フィレンツェだより
2007年4月20日



 




城壁のある丘の風景



§最大の娯楽

今日も観光はしていない.


 先週の土曜日にアカデミア美術館で享受した幸運を,今度はウフィッツィ美術館にも期待して,明日は早起きして,ウフィッツィの傍を通り,もし空いていたらそのまま潜り込み,だめなら去年9月に行って感動したパラティーナ美術館に行こうと相談がまとまった.

 今日は,それに備えて体力の温存をはかっている.

 上の写真は先日ミケランジェロ広場に行った時に撮ったものだ.この頃から春の日差しになり,街には半袖の人たちも見かけるようになった.私たちも暑いと思うときもあるが,日かげに入ると涼しいし,教会を拝観させてもらった時などは,石造りの堂内にいてひんやりとしてしまうので,なかなか薄着に踏み切れない.

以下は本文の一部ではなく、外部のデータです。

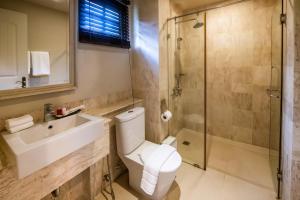 une salle de bain avec toilettes, lavabo et douche dans l'établissement My Ozone Villa Khaoyai มายโอโซน วิลล่า เขาใหญ่, à Ban Sap Setthi 21 autres photos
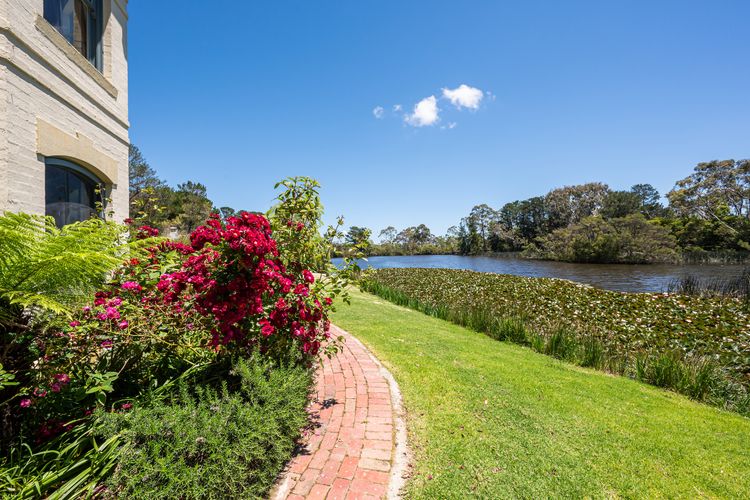 The Manor – Woodman Estate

 しかし,日なたが夏のような陽気になるときもあるので,2階建ての観光バスに乗った人たちなどは,ほとんど真夏のような格好をしている.寓居の前のバス通りをこの派手な2階建てバスが通過することもある.

 下の写真は青銅のダヴィデ像をバックに,ミケランジェロ広場で撮ったものだ.実はダヴィデの頭の上に鳩が止まっているのだが,残念ながらこの写真ではよくわからない.

写真:
賑やかさをふりまいていく
2階建て観光バス


 普通広場という時のピアッツァは三方を壁で囲まれたところで,ミケランジェロ広場のような開空間はピアッツァーレと言うと辞書にはあるらしい.


サン・ガッロ書店
 午前中,家で一仕事した後に,少し外出し,先日の古書店に行ってみた.サン・ガッロ通りの「サン・ガッロ書店」と言うようだ.小さいが堂々たる風格の店である.

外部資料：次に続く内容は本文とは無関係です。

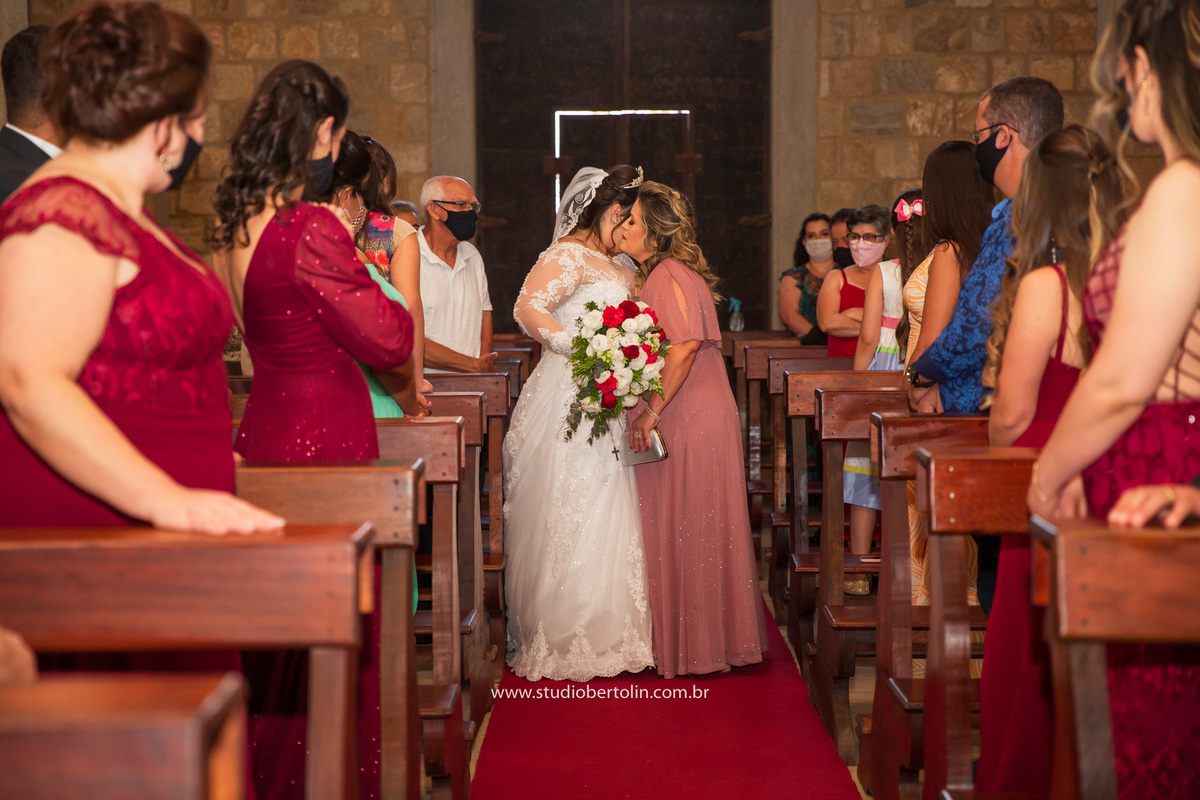 NOIVA IGREJA DE SÃO MIGUEL ARCANJO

 古典の棚は充実しているが,一部は高いところにあって,梯子がかけてある.「梯子を使って棚の本を見ても良いか」と聞いて,今日は後ろの列に隠れている本まで全部見た.この間と同じように,昼休みの始まる1時が迫っていたので,少し気持ちが焦ったが,とりあえず何冊かほしい本を選んだ.

 アリストテレス『アテナイ人の国制』(1999),アリストパネス『蛙』(1996),『女の議会』(1984),アポロニオス・ロディオス『アルゴ船物語』(1986),プルタルコス『対比列伝』(デモステネスとキケロ)(1995),ルクレティウス『事物の本性について』(1990),ウェルギリウス『農耕詩』(1994),オウィディウス『悲歌集』(1993),ユウェナリス『諷刺詩集』(1960)で,すべてミラノの書店から出た同じシリーズだ.

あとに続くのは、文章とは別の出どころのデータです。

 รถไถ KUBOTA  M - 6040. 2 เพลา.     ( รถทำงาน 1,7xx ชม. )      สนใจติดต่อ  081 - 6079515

 この叢書はイタリア文学のものは神田のイタリア書房にもあるから,特に珍しい本というわけではないが,“本は出会い”なので購入することにした.ルクレティウスだけがハードカヴァーで,隣に同じ本のペーパーバックもあったが,そんなに値段は変わらなかった.キケロの書簡集抜粋(フィレンツェ,1996)には猛勉強の跡があった.


オウィディウス『女性の化粧術』(ヴェネツィア,1985)は,短い作品への詳注付きで,これが今回の最大の成果(左写真)だと思う.
これにも猛勉強の痕跡があって,イタリアの秀才ではない標準的な学生がどのように勉強するか,貴重な(?)資料になる.



 プロペルティウス『恋愛詩集』(ミラノ,1990)の廉価版の対訳・詳注版,ラテン語の文法を終えたばかりの学習者が読むことになっているコルネリウス・ネポス『英雄伝』の,原文はないが,ハードカヴァーで詳注つきのイタリア語訳(ミラノ,1980)も買った.後者は古典としての価値は低いが,本の内容が豊富なので得した感じがある.

 クレジットカードが使えると外に書いてあったが,とりあえず確認して,良いと言うことなので,カードで買った.計13冊65ユーロ(1ユーロ170円換算で1万1千50円)だった.ついに先日のセザンヌ展のカタログを越える金額の買い物をした.

 まだプラトンの『ゴルギアス』,『ティマイオス,』,アリストテレスの『詩学』,ウェルギリウス『アエネイス』の巻別注釈本,アプレイウスの対訳・注解本などがあったので,それらは欲しい.メナンドロスの『サモス島の女』は注釈のない希伊対訳のみだったが多分買うことになると思う.イタリア語訳だけのものは私には必要度は低い(訳は欲しいが,訳で使うほどはイタリア語ができない)が,日本では買えないし,情報も少ないから,ものによっては買うかも知れない.

 やっぱり私には古本屋廻りが最大の娯楽だな,とつくづく思った.破産しないように気をつけよう.